▶ **PROMPT**:
Leave the images behind and copy every record exactly.

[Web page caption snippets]
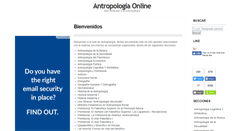 Desktop Screenshot of antropologia-online.blogspot.com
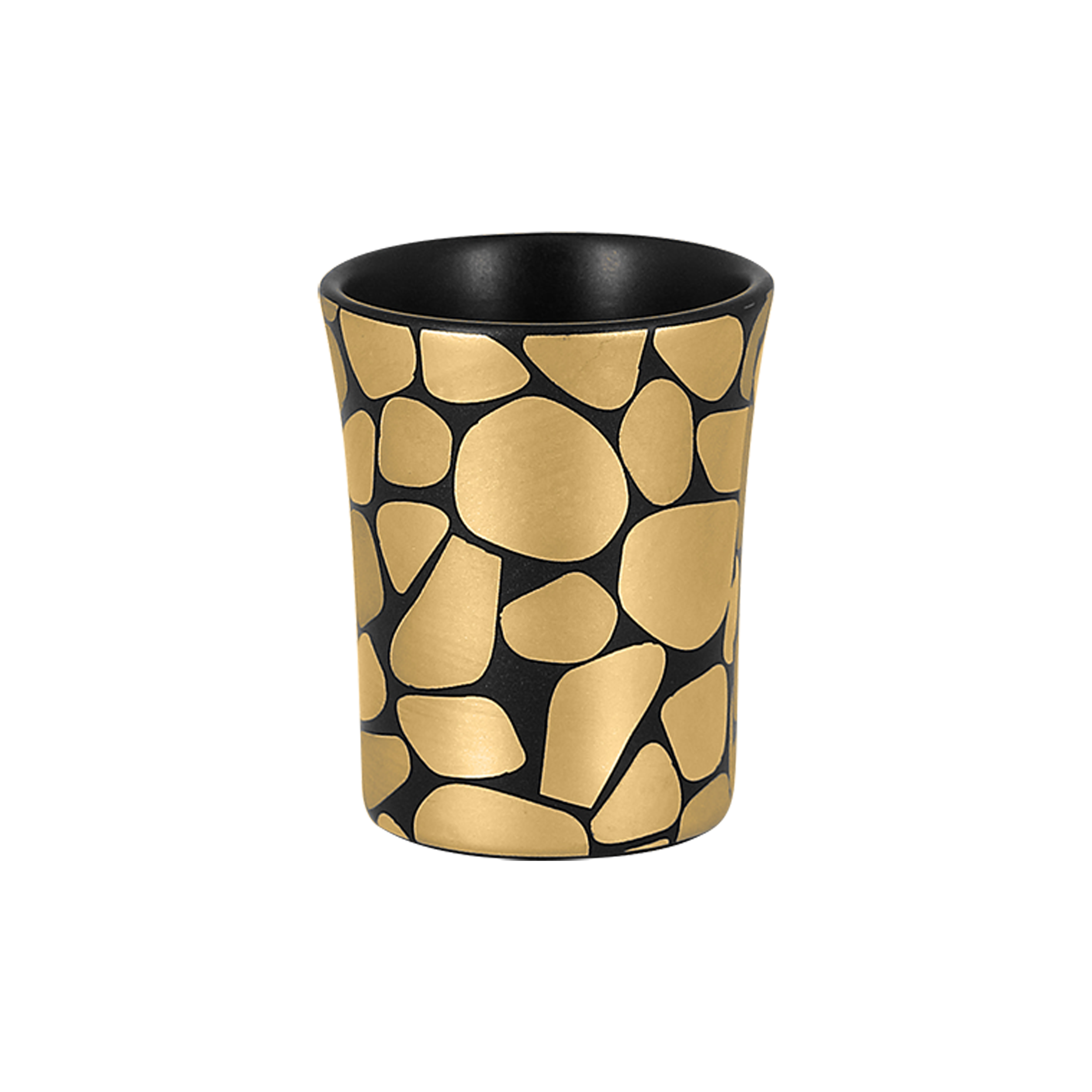 RAK Tasse ohne Henkel D. 6 cm H. 7 cm Inh 9 cl PEBBLES gold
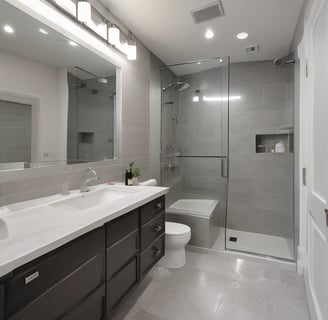clear shower stall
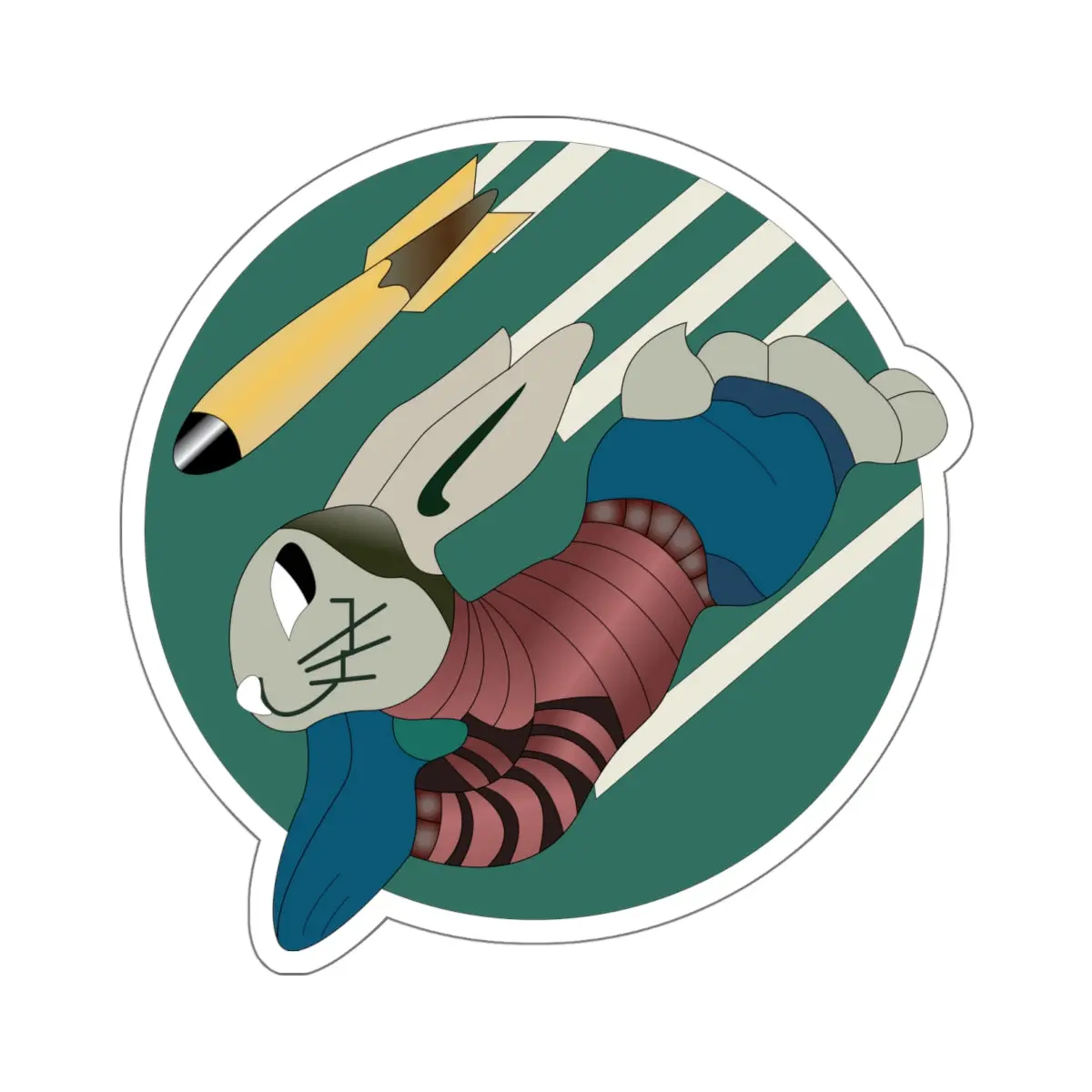 Kiss-Cut Stickers - Aac - 308Th Bombardment Squadron Wo Txt X 300 1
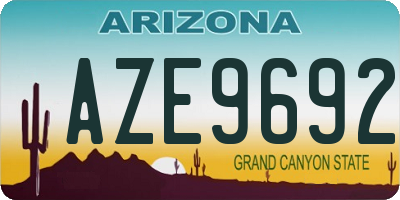 AZ license plate AZE9692
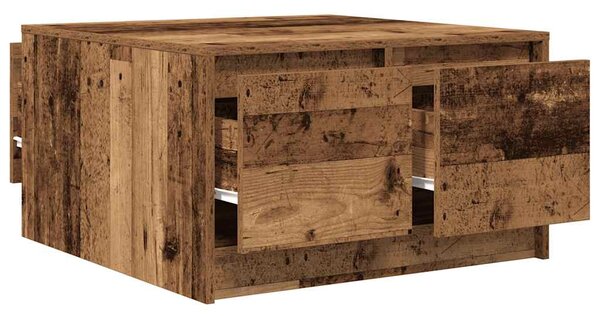 Konferenční stolek se zásuvkami Staré dřevo 70,5x70x40 cm 3328415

▶ **SOLVED PROBLEM**:
 Desktop Screenshot of antropologia-online.blogspot.com
 RAK Tasse ohne Henkel D. 6 cm H. 7 cm Inh 9 cl PEBBLES gold
clear shower stall
 Kiss-Cut Stickers - Aac - 308Th Bombardment Squadron Wo Txt X 300 1
 AZ license plate AZE9692
 Konferenční stolek se zásuvkami Staré dřevo 70,5x70x40 cm 3328415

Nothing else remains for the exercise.